_Action item_
Using the entries below, restate word for word only the lines from the one with "So this is how" to the final line, leaving the pictures out.

_Records for this exercise_
※ ※ ※

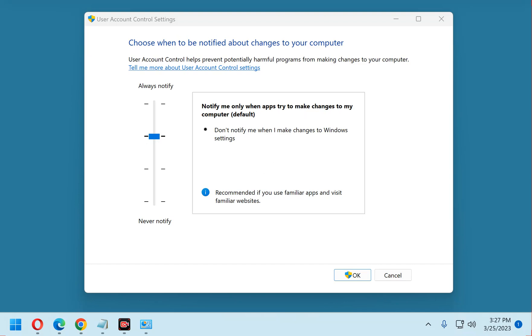If you're concerned about keeping your Windows PC as secure from hackers and malware as possible, and you really should be, there's a very simple Windows settings change you can make that'll make it a lot harder for malware to make damaging changes to your system.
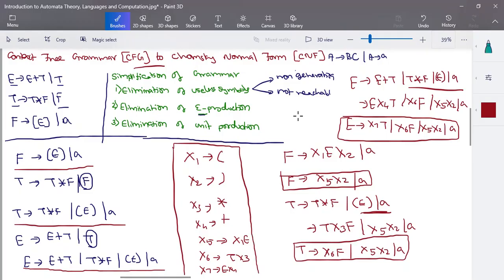This is the final production in Chomsky Normal Form. Whenever a combination exists, give a new name for the terminal symbol. Here you have all productions as either two variables or a single terminal symbol, which is allowed. The rephrasing step is easy, but the elimination of preliminary steps — useless symbols, epsilon productions, unit productions — is very important. We'll now take one more example.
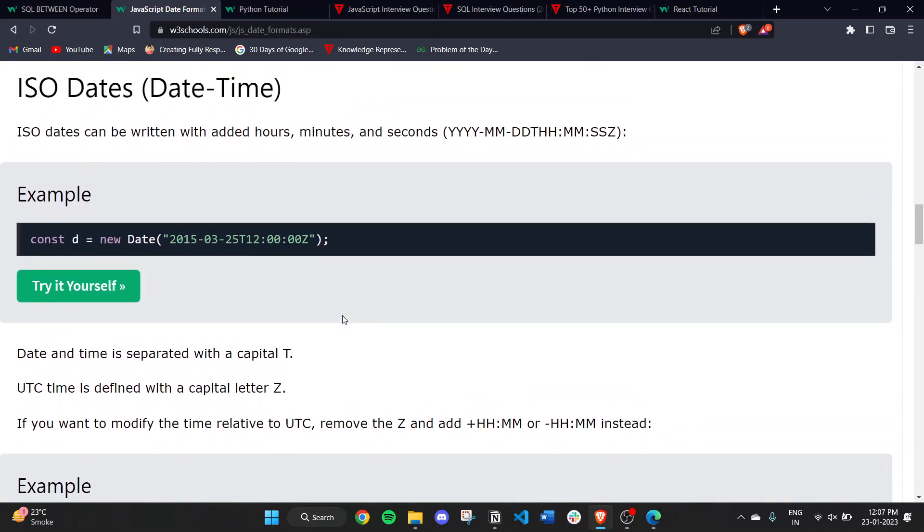Date and time are separated with a capital T, and UTC time is defined with a capital letter Z. If you want to modify the time relative to UTC, remove the Z and add plus HH:MM or minus HH:MM.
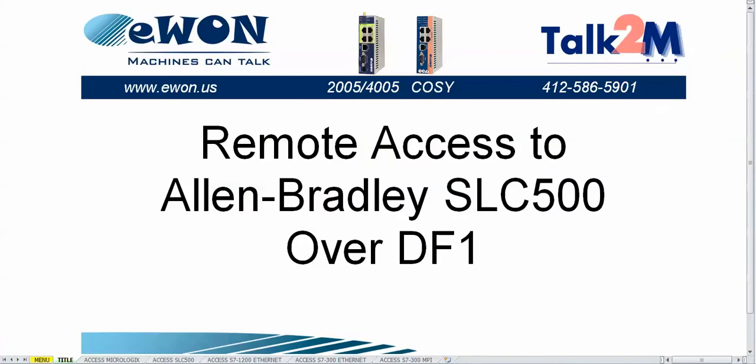So this is how you do remote access to an Allen-Bradley Slick 500 PLC over DF1.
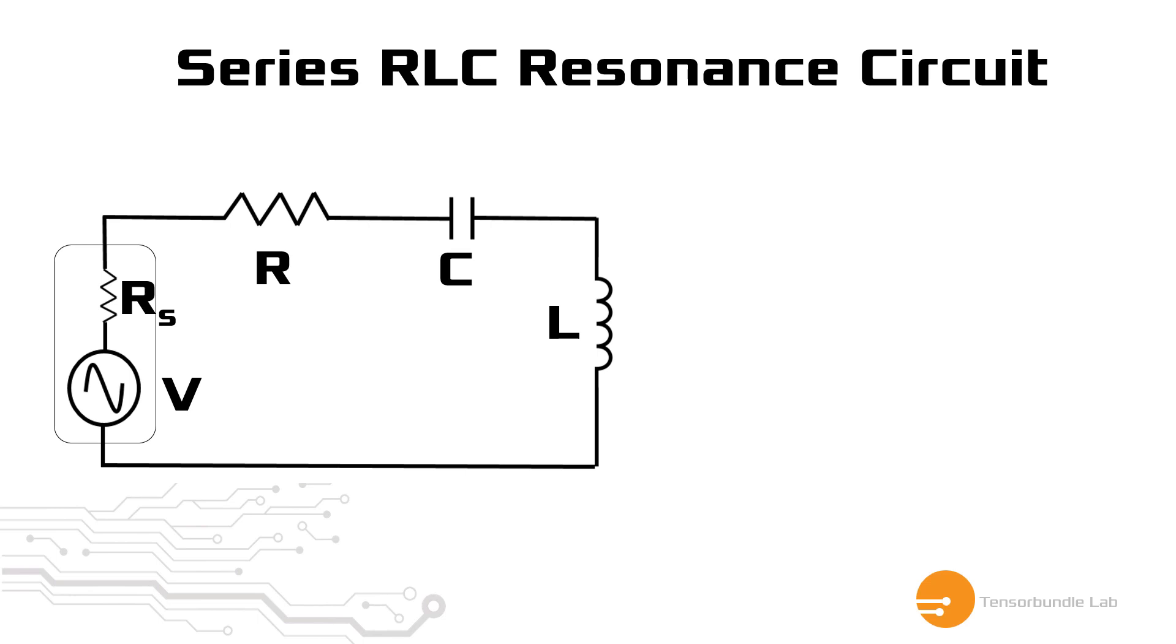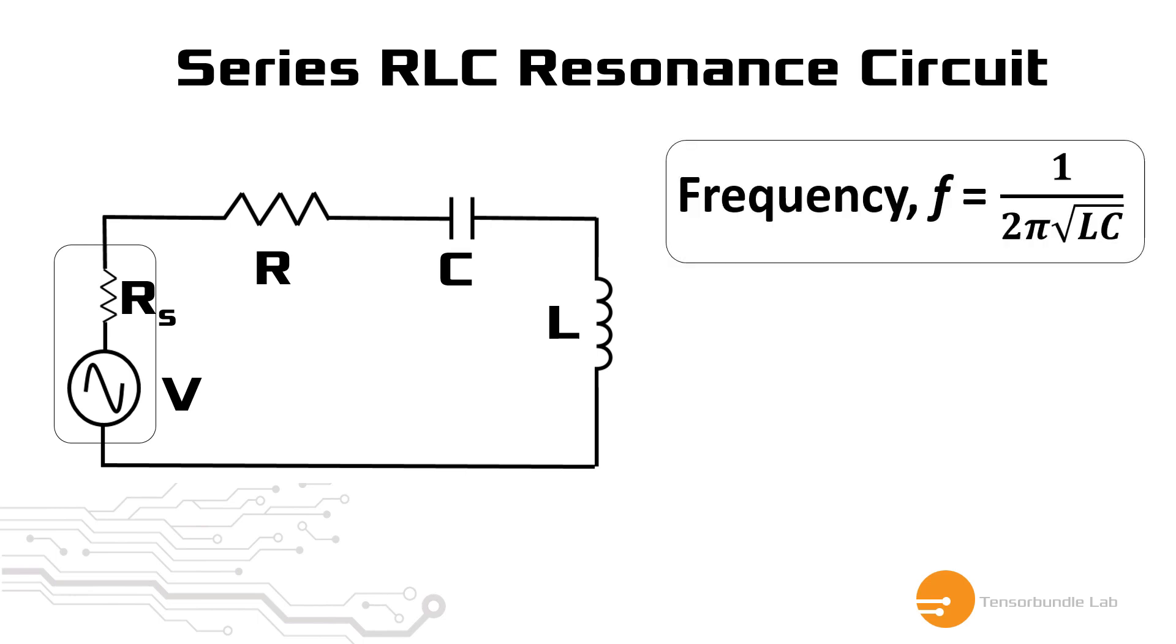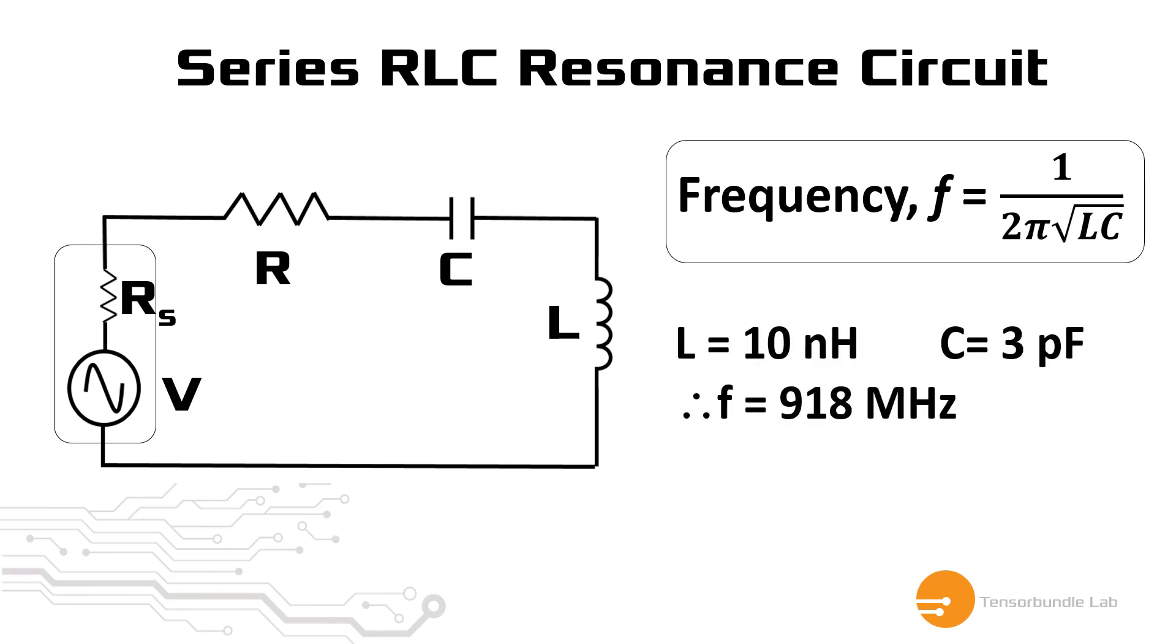We can calculate the resonance frequency for this circuit as shown in this formula. If we assume that L equals 10 nH and the cap equals 3 pF, then the circuit can be resonated at 918 MHz. And you can assume that R is equal to internal resistance of the source, which is 50 ohm.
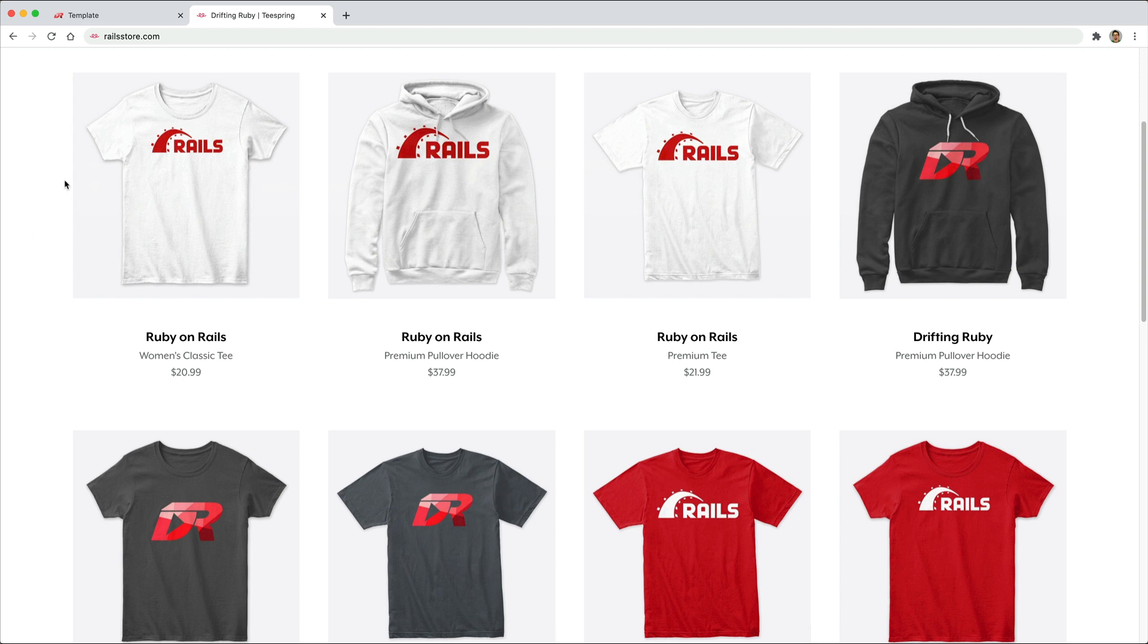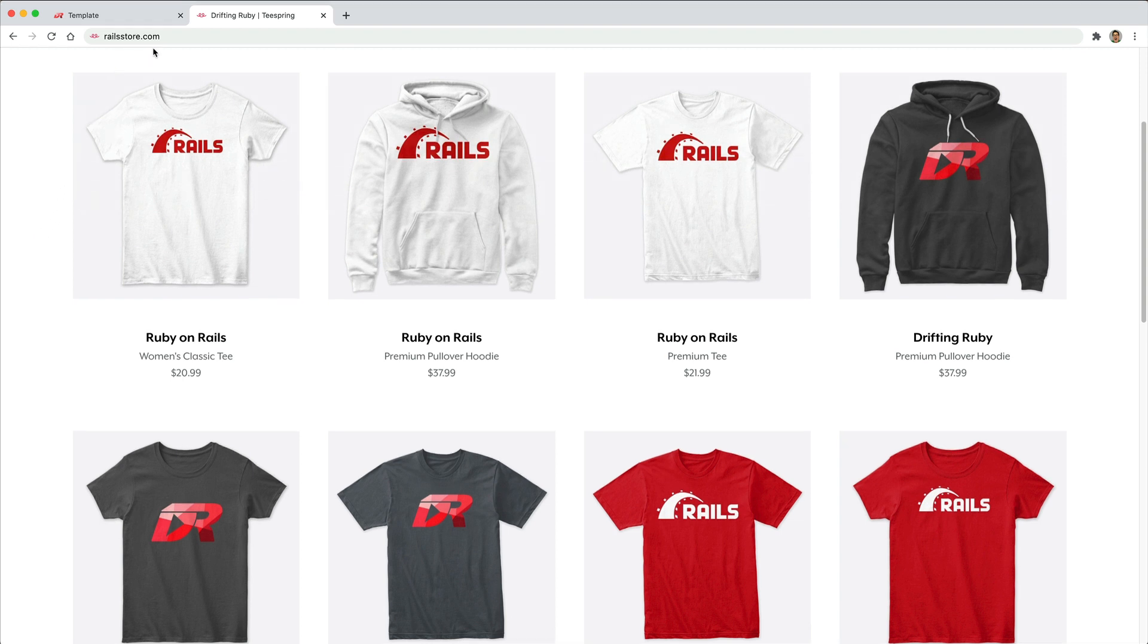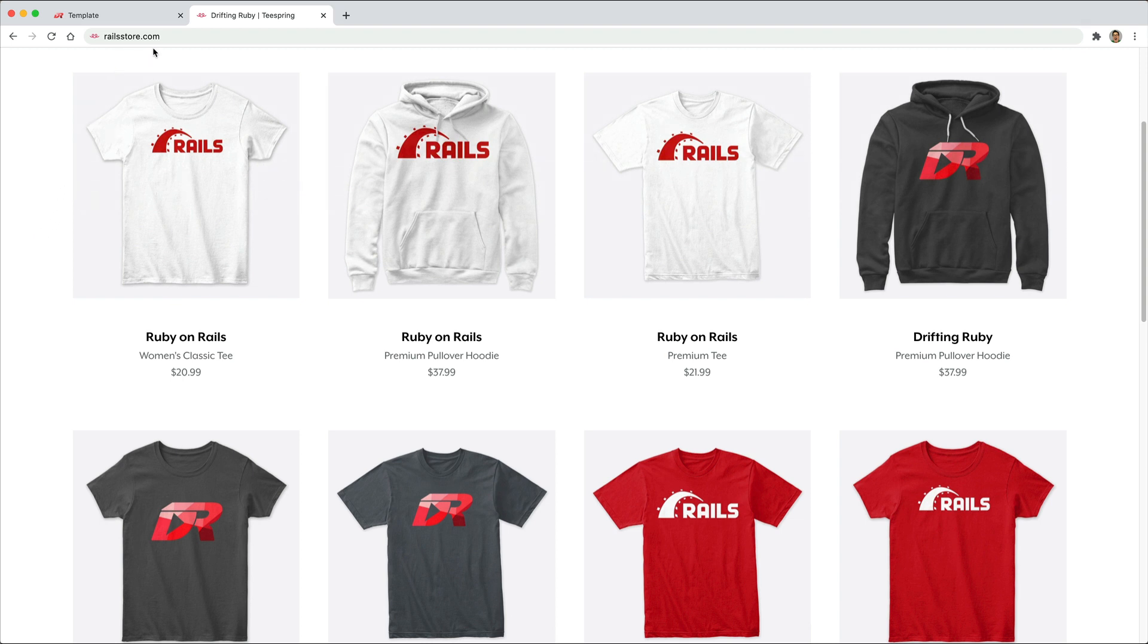And did you know that you can go to RailsStore.com to get your own Ruby on Rails t-shirt or your DriftinRuby t-shirt.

※ ※ ※

_Answer_
So this is how you do remote access to an Allen-Bradley Slick 500 PLC over DF1.
We can calculate the resonance frequency for this circuit as shown in this formula. If we assume that L equals 10 nH and the cap equals 3 pF, then the circuit can be resonated at 918 MHz. And you can assume that R is equal to internal resistance of the source, which is 50 ohm.
And did you know that you can go to RailsStore.com to get your own Ruby on Rails t-shirt or your DriftinRuby t-shirt.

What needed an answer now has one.